What is expected - Among the entries below, which lines run from the line with "Click on send" through the line with "If you want"? Retype those, both ends included, exactly and without pictures.

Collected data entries
________________
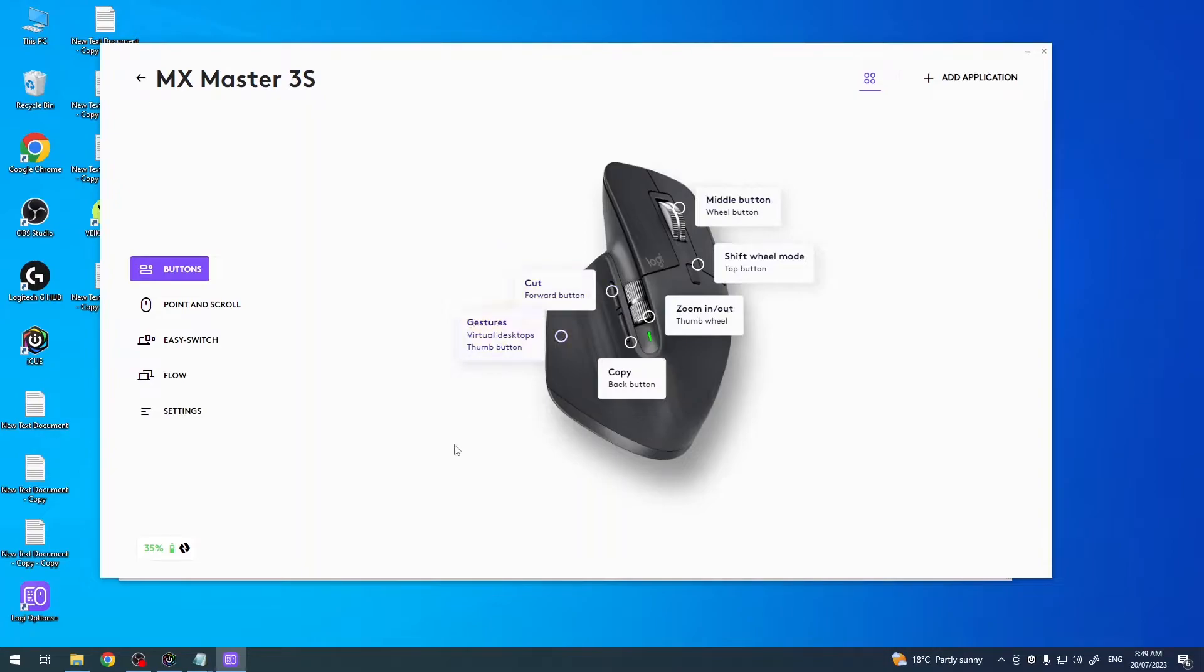Hello, in this video I want to show you how to change back button functions for Logitech MX Master 3S.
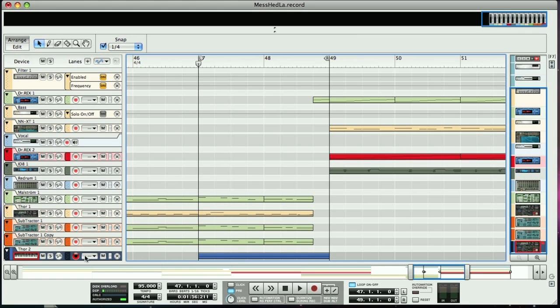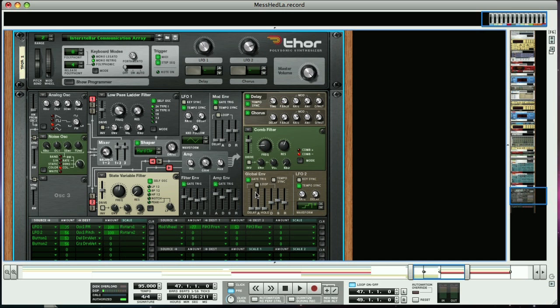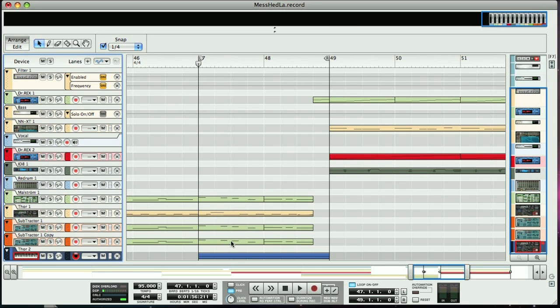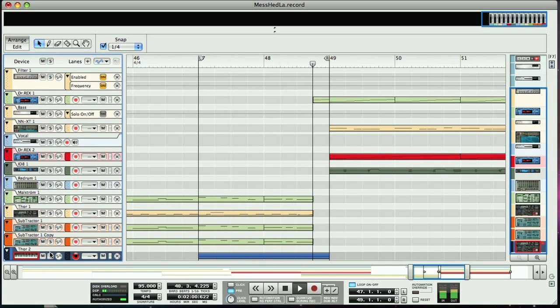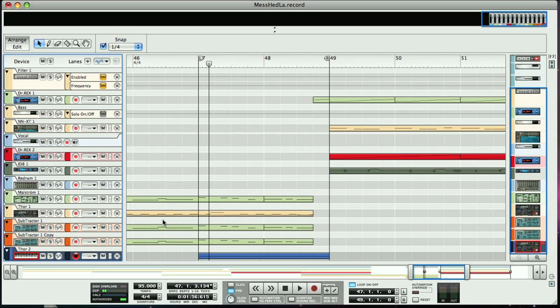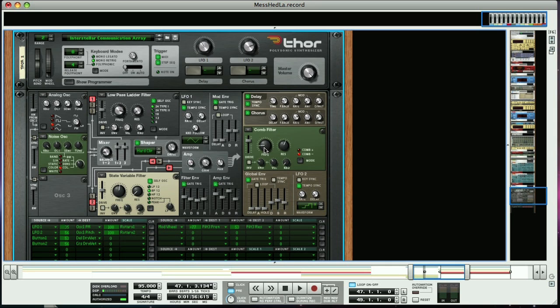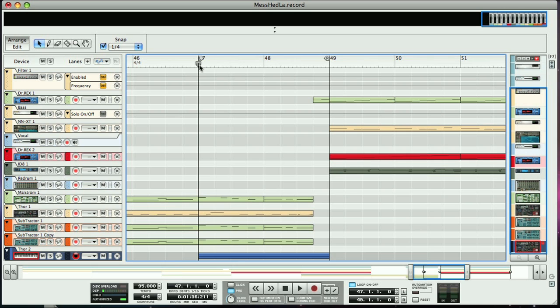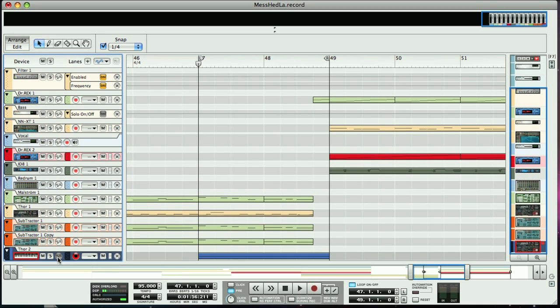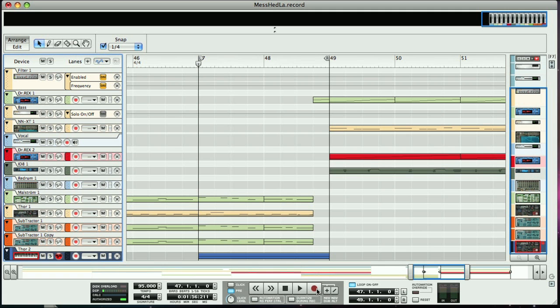The track we're going to use is this Thor track here, which is triggering an SFX patch, which has a slow amplitude attack anyway, so there's already a build-up in level across the two bars. What we want to do is increase the filter cutoff as well, so that we get an increase in high frequency with level. This is easy to do with a parameter on an instrument. All you have to do is make sure the record parameter automation switch on the sequencer track here is on, and then take the track out of record, as you're not recording any MIDI data. Then, hit record on the transport.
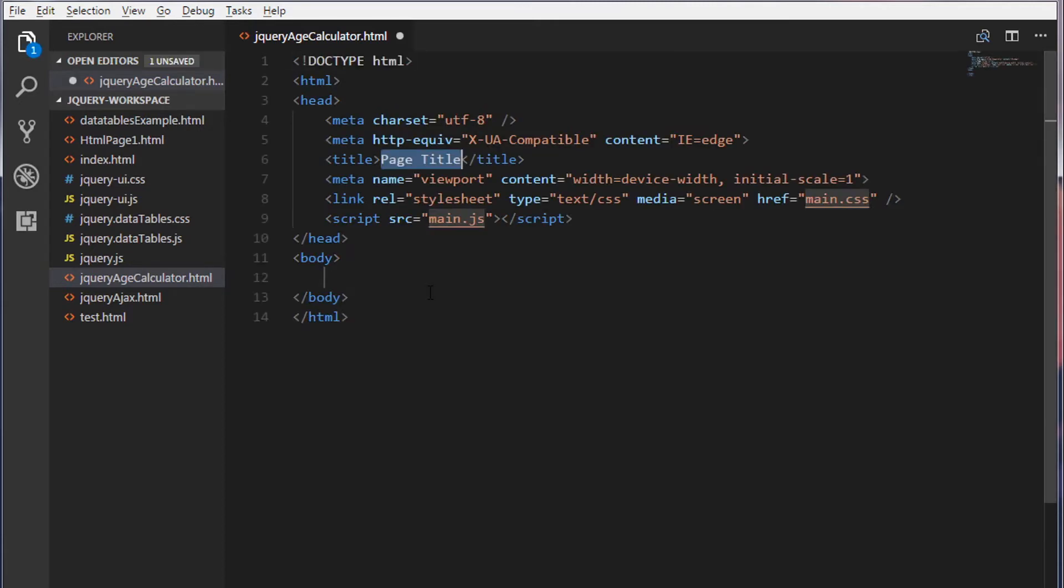We will make use of jQuery to achieve this. Yes, we will be using a jQuery date picker to select the date of birth. As soon as the user selects the date of birth, we need to calculate the age and display it in a text box.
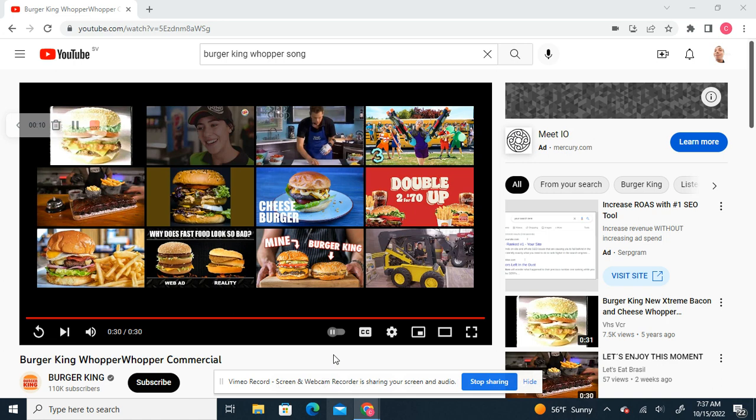I'm going to be reacting to the Burger King Whopper Whopper commercial.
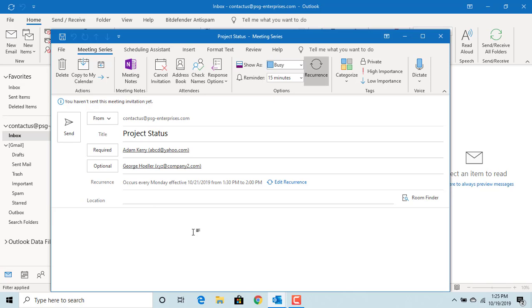Click on send to send the meeting request. If you like this video, please subscribe to our channel. Click on the link below.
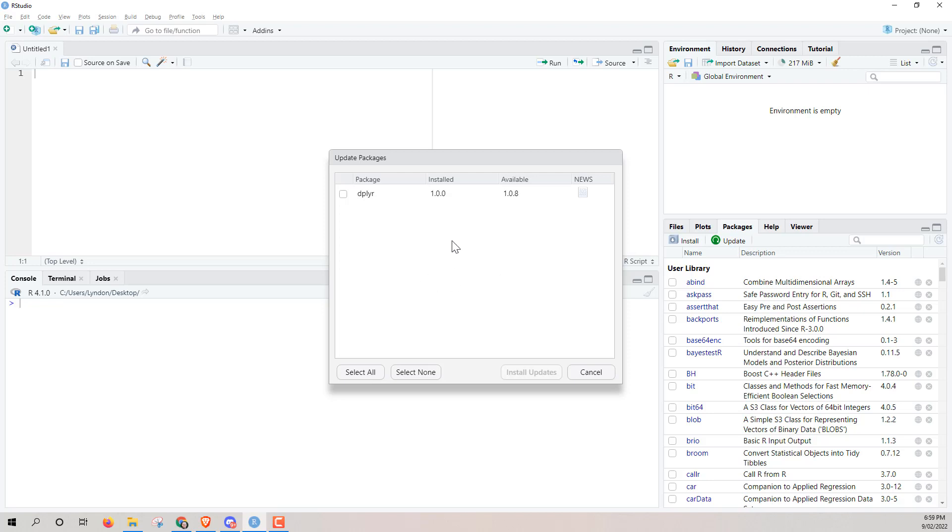So I recently did all of mine, and so I actually rolled dplyr back from 1.08, which is the new one that came out yesterday, just so that I could demonstrate this for you.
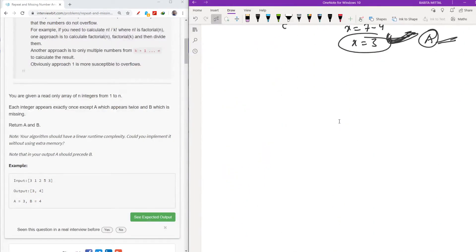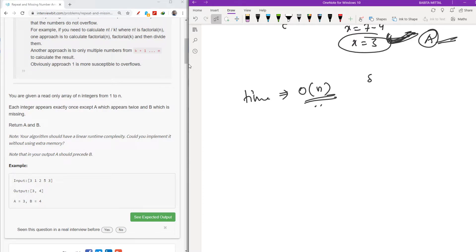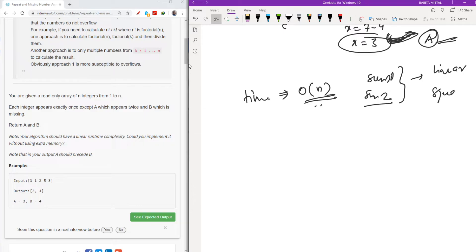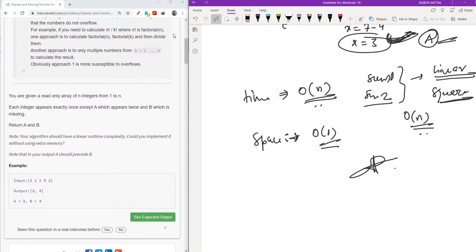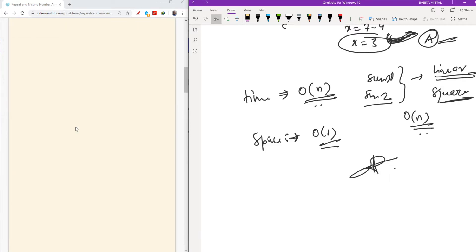My time complexity is O(n) since I compute sum1 and sum2 — both the linear sum and the squared sum — in a single loop. And since I am not using any extra array or map, my space is O(1). Thus the solution runs in O(n) time and O(1) space.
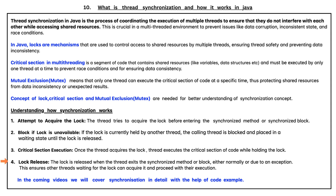The fourth point is lock release. A lock is released when the thread exits the synchronized method or block, either normally or due to an exception. This ensures other threads waiting for the lock can acquire it and proceed with their execution.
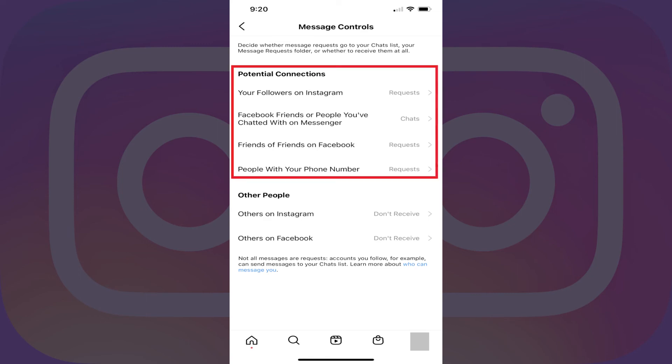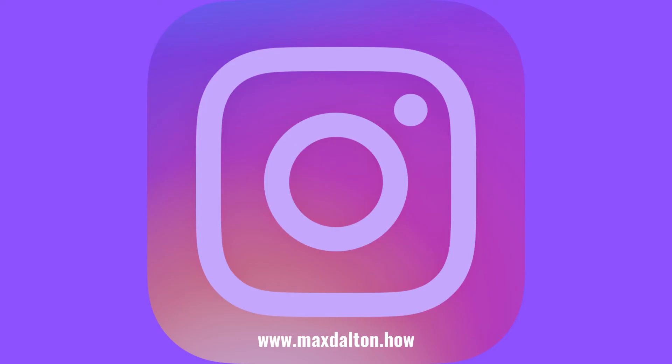If you want to take it a step further, you can also go through the Potential Connections section on this screen and choose to not receive message requests from anyone in those categories either. Let me know if this video helped you out in the comments below. If you liked what you saw here, click the video links on the right side of the screen to check out another video, or click the logo on the left side of the screen to check out my website at www.maxdalton.how for more great tutorials like this one. If you're a new YouTuber who's looking for help, check out www.youtubemba.com.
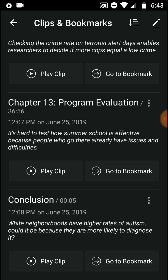The last point: white neighborhoods have higher rates of autism diagnoses. Could it be because they are more likely to diagnose it? Those white neighborhoods are often in higher socioeconomic status areas, so they're more likely to seek and receive a diagnosis — which is why you might think they have higher autism rates. Interesting question.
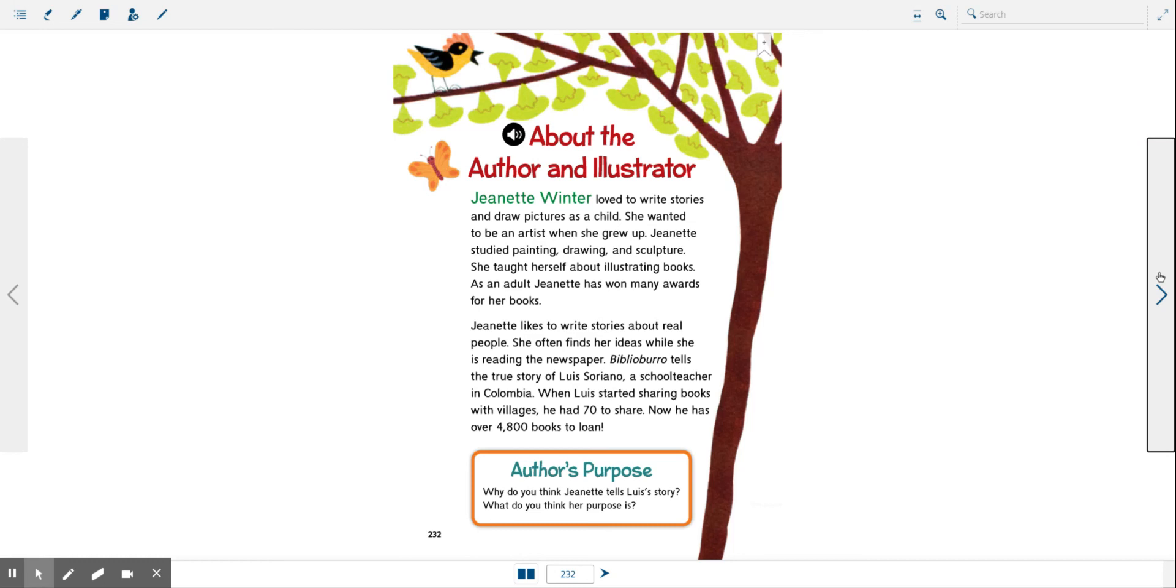Let's talk about the author's purpose. Why do you think Jeanette tells Luis's story? What do you think her purpose is?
________________
Written answer -
Click on send to send the meeting request. If you like this video, please subscribe to our channel. Click on the link below.
So I recently did all of mine, and so I actually rolled dplyr back from 1.08, which is the new one that came out yesterday, just so that I could demonstrate this for you.
My time complexity is O(n) since I compute sum1 and sum2 — both the linear sum and the squared sum — in a single loop. And since I am not using any extra array or map, my space is O(1). Thus the solution runs in O(n) time and O(1) space.
The fourth point is lock release. A lock is released when the thread exits the synchronized method or block, either normally or due to an exception. This ensures other threads waiting for the lock can acquire it and proceed with their execution.
If you want to take it a step further, you can also go through the Potential Connections section on this screen and choose to not receive message requests from anyone in those categories either. Let me know if this video helped you out in the comments below. If you liked what you saw here, click the video links on the right side of the screen to check out another video, or click the logo on the left side of the screen to check out my website at www.maxdalton.how for more great tutorials like this one. If you're a new YouTuber who's looking for help, check out www.youtubemba.com.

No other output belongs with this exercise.